For Jack, figurative immortality is cold comfort. As some silent stars of legend did — like comedian Karl Dane — he takes his own life. As for Nellie, she amasses an unfathomable gambling debt to a local gangster that Manny, now a studio executive, struggles to pay off. In a third-act turn that is the movie’s most obvious debt to Boogie Nights, he and a flunky attempt to defraud the gangster (a bug-eyed Tobey Maguire in the Alfred Molina role) during a visit to a secret underground hellhole known as “the asshole of Los Angeles.” The scheme goes belly up, the flunky’s murdered, and Manny’s life is spared only when he promises to flee Los Angeles and never return. Like an apparition, Nellie simply vanishes into the night.

In a flurry of trade headlines, we zoom forward in time. Nellie dies in obscurity before the decade is out, her blistering stardom reduced to a brief obituary about someone who used to be sort of famous once. Then, suddenly, it’s 1952. A middle-aged Manny returns to Los Angeles with his wife and daughter. He wanders the sets he used to call home and finds he has left no trace. Emotionally bereft, he begs off from the family vacation and catches a movie alone.

That movie, of course, is Singin’ in the Rain. As the film unspools, Chazelle underlines its similarities to the one we’ve just watched. Don Lockwood is a Jack Conrad, the silent-film paramour whose onscreen lovemaking loses its effect once verbalized (“I love you, I love you, I love you”). The ear-screeching starlet Lina Lamont is unmistakably Nellie LaRoy. This is the legacy of Manny’s entire professional life: All his friends are dead, and they’ve been turned into punch lines.

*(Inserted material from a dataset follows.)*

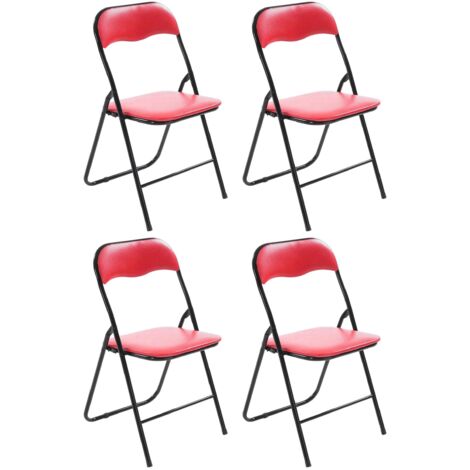 Juego de 4 taburetes de cocina plegables en metal negro y PVC rojo 100006160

Events in my personal life have made me more susceptible than usual to tenderhearted tributes to lost friends, so I will not pretend this didn’t work for me. But if that seems a touch too dark a note to end on, Chazelle zooms out, intercutting clips from Singin’ in the Rain and Babylon with dozens of films spanning from the silent era to the 21st century: The Passion of Joan of Arc, Duck Amuck, Meshes of the Afternoon, Psycho, Tron, The Matrix, Avatar. The effect, as multiple critics have noted, is not dissimilar to that of the montages that have filled space at Oscar telecasts since time immemorial. The movies — ain’t they grand?

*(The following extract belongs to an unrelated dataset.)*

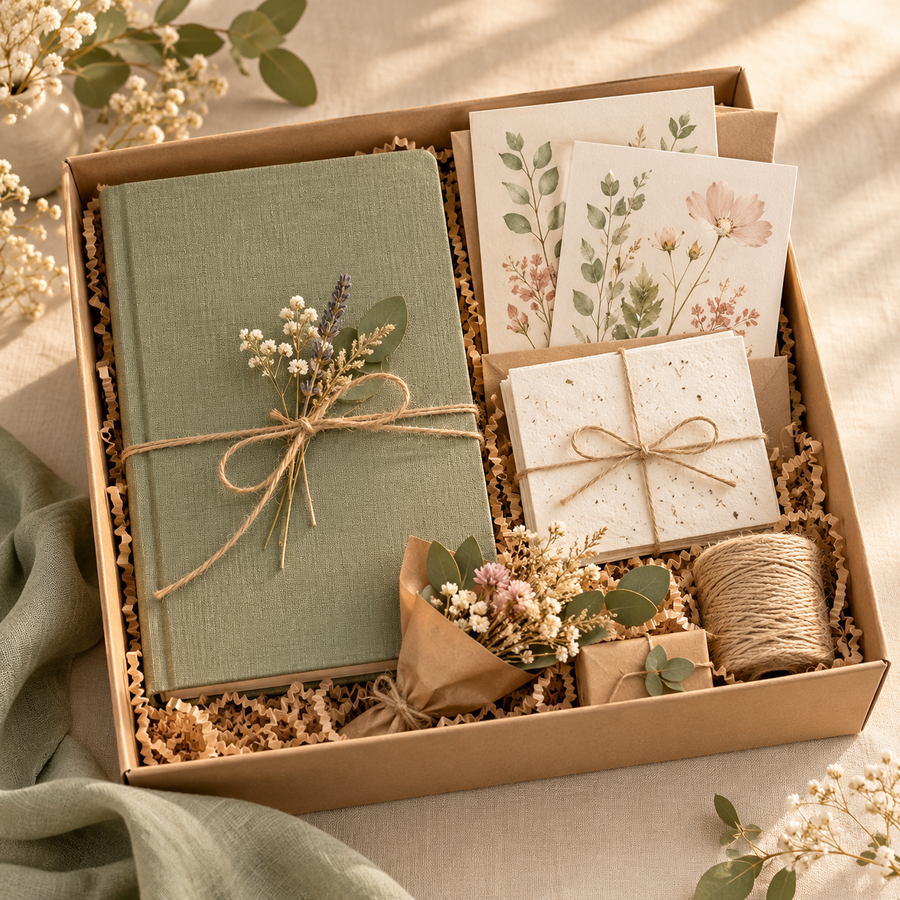 Concept preview of a nature-inspired gift box with stationery and a linen notebook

Critics (mostly) hate it! “There’s a sense that Chazelle is suggesting that we don’t get Singin’ in the Rain if lives aren’t destroyed during the transition from silent to talkies,” writes Tallerico, who calls it “a deeply cynical and superficial way to look at filmmaking.” Vanity Fair’s Richard Lawson is even more astringent, slamming Chazelle for learning the wrong kind of lesson from Hollywood history: “No matter what’s come before, you can always just end your picture on the easiest sentimental note and all will be forgotten.”

There have been more bullish interpretations. Ehrlich calls it an “endearingly galaxy-brained prayer,” proof that the movies have always been dying “and thus they’ll live forever.” Chang is inclined to give Chazelle even more credit. Spotlighting the director’s inclusion of more unsettling material in the montage — most notably the eyeball-slicing scene from Un Chien Andalou — he says, “The Dream Factory careens into nightmare territory, and the forces of nostalgia and nihilism duke it out to a draw.” In this light, the montage is simply expanding the same thematic tension at work in the rest of the film: Hollywood as garden of dreams versus Hollywood as hellish nightmare, both visions existing side by side without ever coming into synthesis.

This is not a million miles away from the message of The Fabelmans, a film that is simultaneously awestruck and terrified by the quicksilver power of cinema, and by the way its meaning can slip from the hands of even its makers. In a sense, the ending of Babylon does Spielberg one better: It doesn’t merely illustrate this lesson; considering Chazelle’s not entirely successful attempt at growing up to be a cinematic debaser, it also embodies it.